2. A learned single Judge of this Court referred the writ petition to a Division Bench in view of the importance of the questions raised in the writ petition. That is how this writ petition has come up for hearing before us.

3. Since we are concerned here with Constitutional validity of Art. 371D which is a special provision for the State of Andhra Pradesh and which was inserted by Parliament to give effect to what is commonly known as six point formula, it would be apposite to extract Article 371D of the Constitution here.

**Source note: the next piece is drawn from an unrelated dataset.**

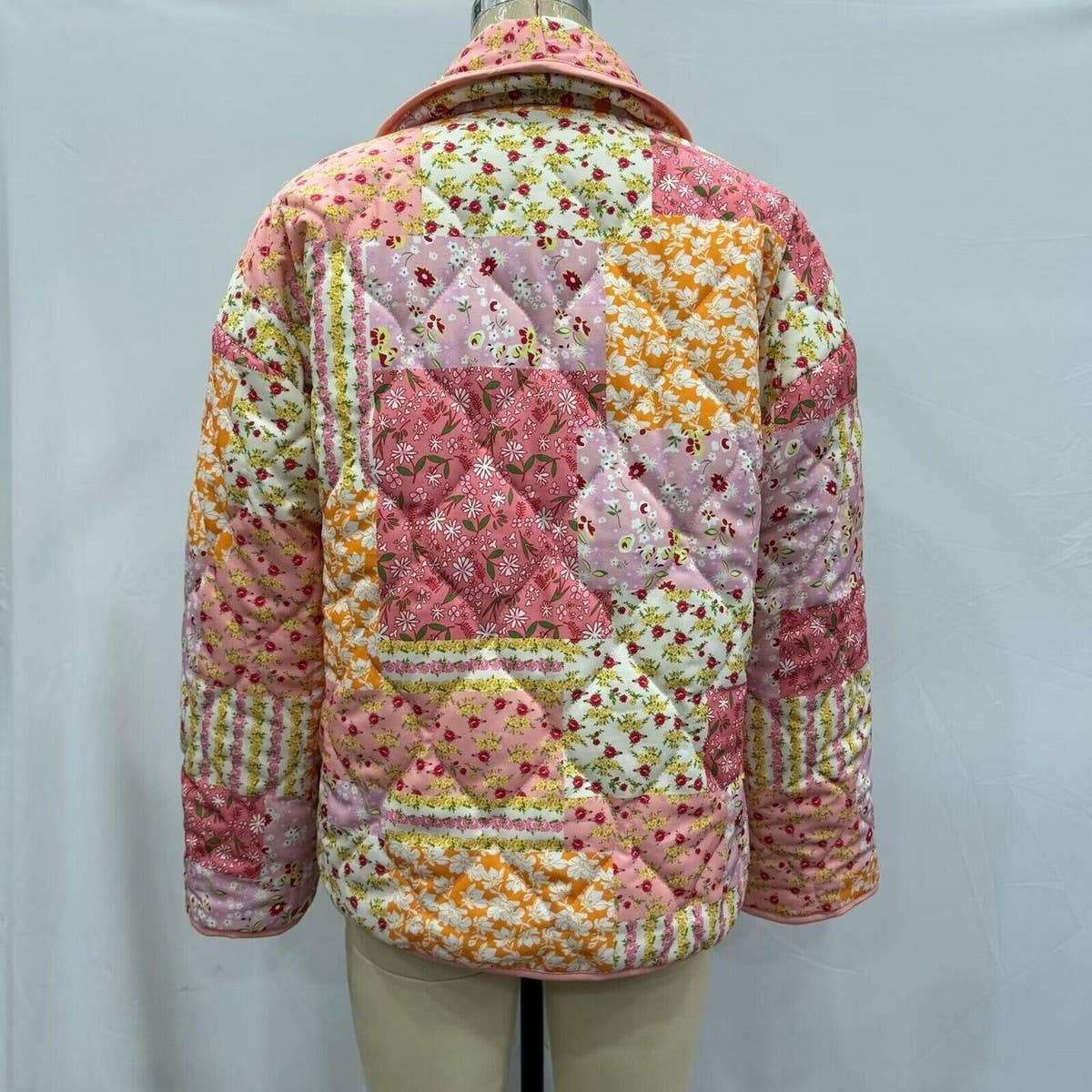 COLORBLOCK PRINT LAPEL QUILTED JACKET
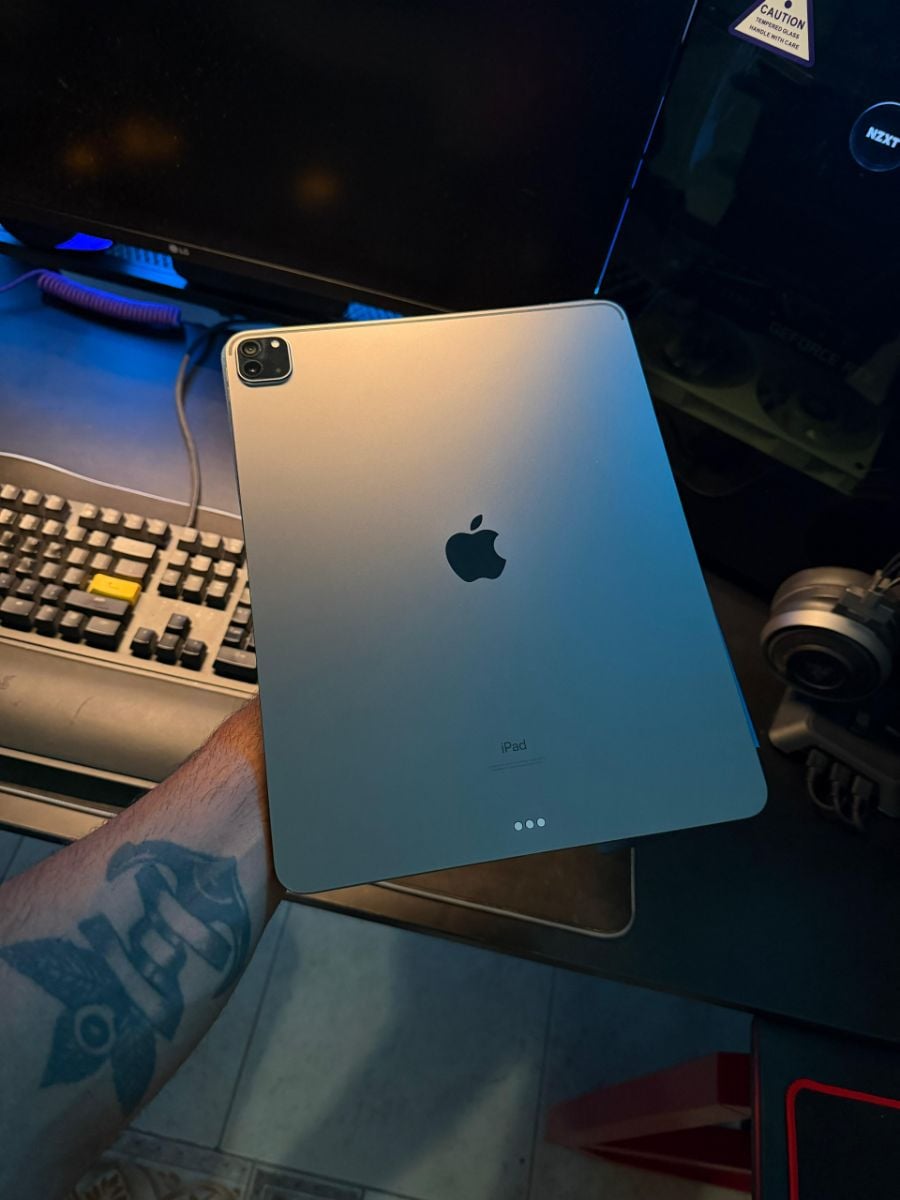 Ipad Pro M1 5th Gen 12.9” + Apple Pencil 2nd Gen - Image 1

"Special provisions with respect to the State of Andhra Pradesh :--
(1) The President may by order made with respect to the State of Andhra Pradesh provide, having regard to the requirements of the State as a whole, for equitable opportunities and facilities for the people belonging to different parts of the State, in the matter of public employment and in the matter of education, and different provisions may be made for various parts of the State.
(2) An order made under Clause (1) may, in particular, --
(a) require the State Government to organise any class or classes of posts in a civil service of, or any class or classes of civil posts under the State into different local cadres for different parts of the State and allot in accordance with such principles and procedure as may be specified in the order the persons holding such posts to the local cadres so organised;
(b) specify any part or parts of the which shall be regarded as the local area -
(i) for direct recruitment to posts in any local cadre (whether organised in pursuance of an order under this article or constituted otherwise under the State Government;
(ii) for direct recruitment to posts in any cadre under any local authority within the State; and
(iii) for the purposes of admission to any University within the State or to any other educational institution which is subject to the control of the State Government;
(c) specify the extent to which the manner in which and the conditions subject to which preference or reservation shall be given or made -
(i) in the matter of direct recruitment to posts in any such cadre referred to in sub-clause (b) as may be specified in this behalf in the order;
(ii) in the matter of admission to any such University or other educational institution referred to in sub-clause (b) as may be specified in this behalf in the order, to or in favour of candidates who have resided or studied for any period specified in the order in the local area in respect of such cadre, University or other educational institution, as the case may be.
(3) The President may, by order, provide for the Constitution of an Administrative Tribunal for the State of Andhra Pradesh to exercise such jurisdiction, powers and authority including any jurisdictional power and authority which immediately before the commencement of the Constitution (Thirty Second Amendment) Act, 1973, was exercis-able by any Court other than the Supreme Court or by any tribunal or other authority as may be specified in the order with respect to the following matters, namely:--
(a) appointment, allotment or promotion to such class or classes of posts in any civil service of the State, or to such class or classes of civil posts under the State, or to such class or classes of posts under the control of any local authority within the State, as may be specified in the order;
(b) seniority of persons appointed, allotted or promoted to such class or classes of posts in any civil service of the State, or to such class or classes of civil posts under the State, or to such class or classes of posts under the control of any local authority within the State, as may be specified in the order;
(c) such other conditions of service of persons appointed, allotted or promoted to such class or classes of posts in any civil service of the State or to such class or classes of civil posts under the State or to such class or classes of posts under the control of any local authority within the State, as may be specified in the Order, (4) An order made under Clause (3) may-
(a) authorise the Administrative Tribunal to receive representations for the redress of grievances relating to any matter within its jurisdiction as the President may specify in the order and to make such orders thereon as the Administrative Tribunal deems fit;
(b) contain such provisions with respect to the powers and authorities and procedure of the Administrative Tribunal including provisions with respect to the powers of the Administrative Tribunal, to punish for contempt of itself, as the President may deem necessary;
(c) provide for the transfer to the Admin-

istrative Tribunal of such classes of proceedings, being proceedings relating to matters within its jurisdiction and pending before any Court other than the Supreme Court or tribunal or other authority immediately before the commencement of such order, as may be specified in the order;

(d) contain such supplemental, incidental, and consequential provisions including provisions as to fees and as to limitation, evidence or for the application of any law for the time being in force subject to any exceptions or modifications as the President may deem necessary.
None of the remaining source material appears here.